• **Prompt**
From the line with "Portrait de femme" to the line with "Casa Domaso con Giardino da Ristrutturare", retype each line exactly as it stands in the records below, but skip the pictures.

• **Exercise data**
• • •

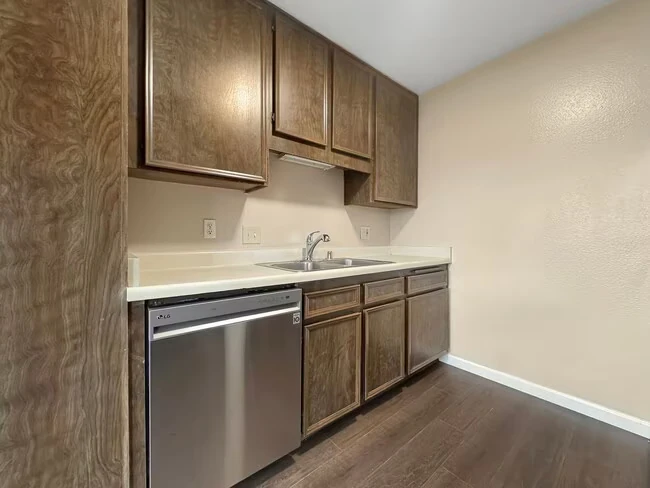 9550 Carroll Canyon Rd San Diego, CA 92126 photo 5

• • •

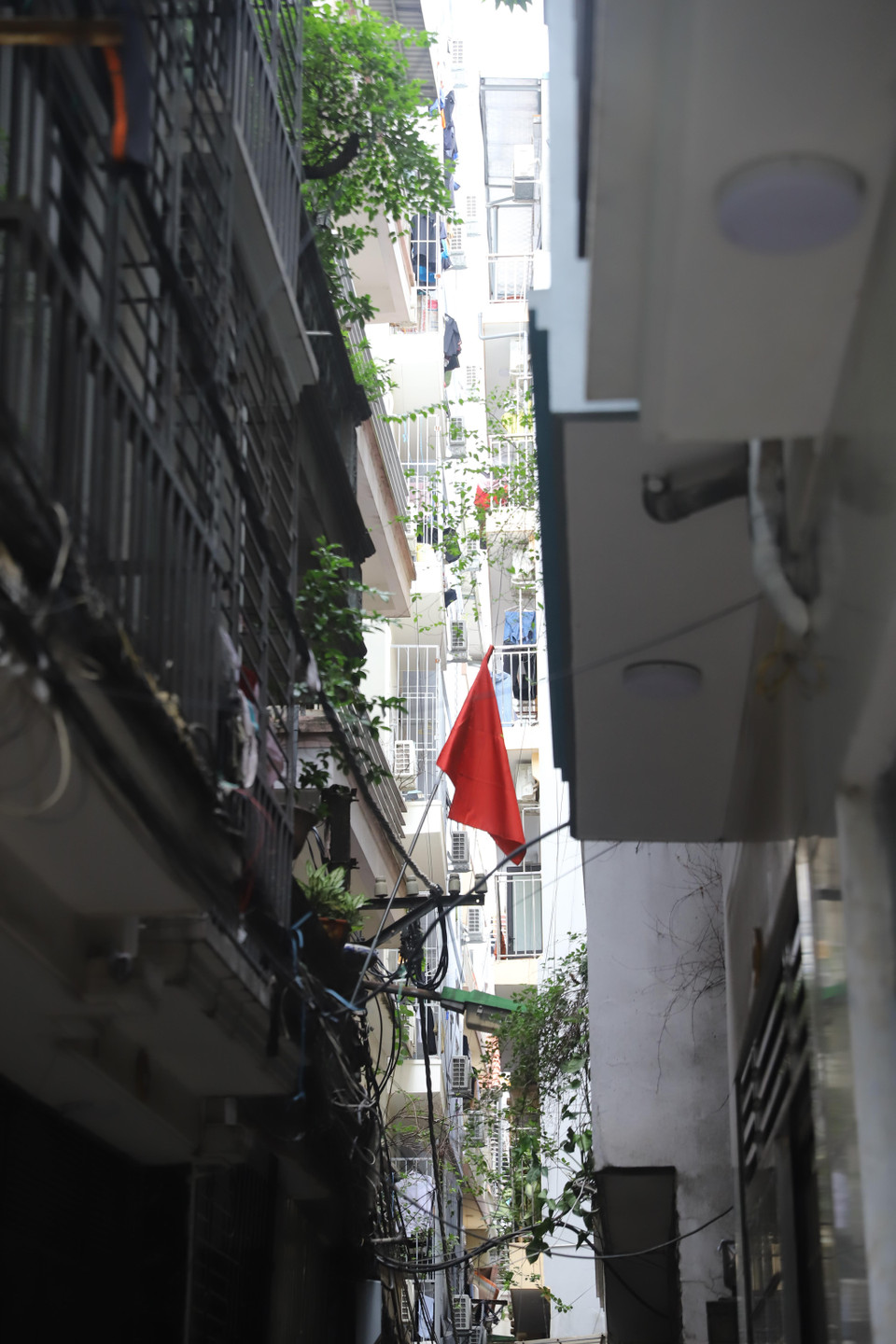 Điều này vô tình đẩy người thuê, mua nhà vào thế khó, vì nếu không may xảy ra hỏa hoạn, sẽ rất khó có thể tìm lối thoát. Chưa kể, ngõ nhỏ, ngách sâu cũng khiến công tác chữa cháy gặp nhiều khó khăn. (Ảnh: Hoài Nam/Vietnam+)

• • •

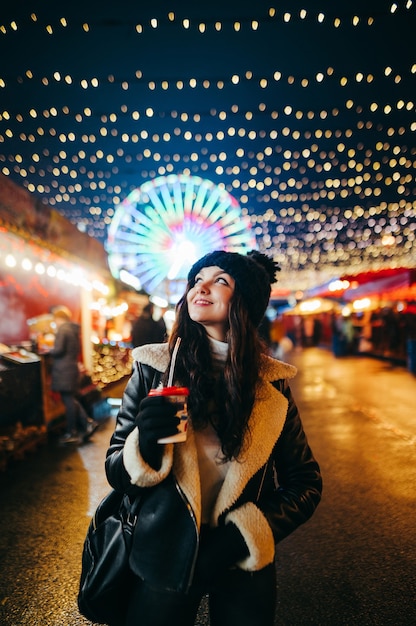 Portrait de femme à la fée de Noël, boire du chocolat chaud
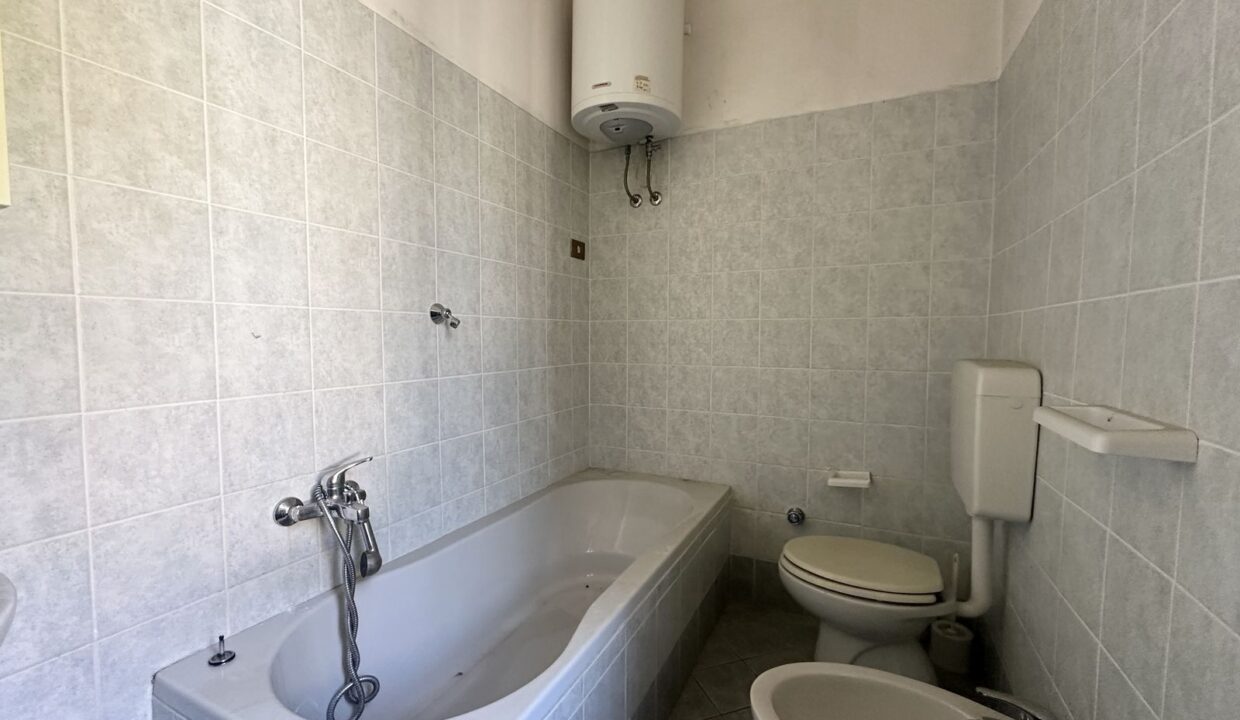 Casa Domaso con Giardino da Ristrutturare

• • •

• **Answer for the task**
 Portrait de femme à la fée de Noël, boire du chocolat chaud
 Casa Domaso con Giardino da Ristrutturare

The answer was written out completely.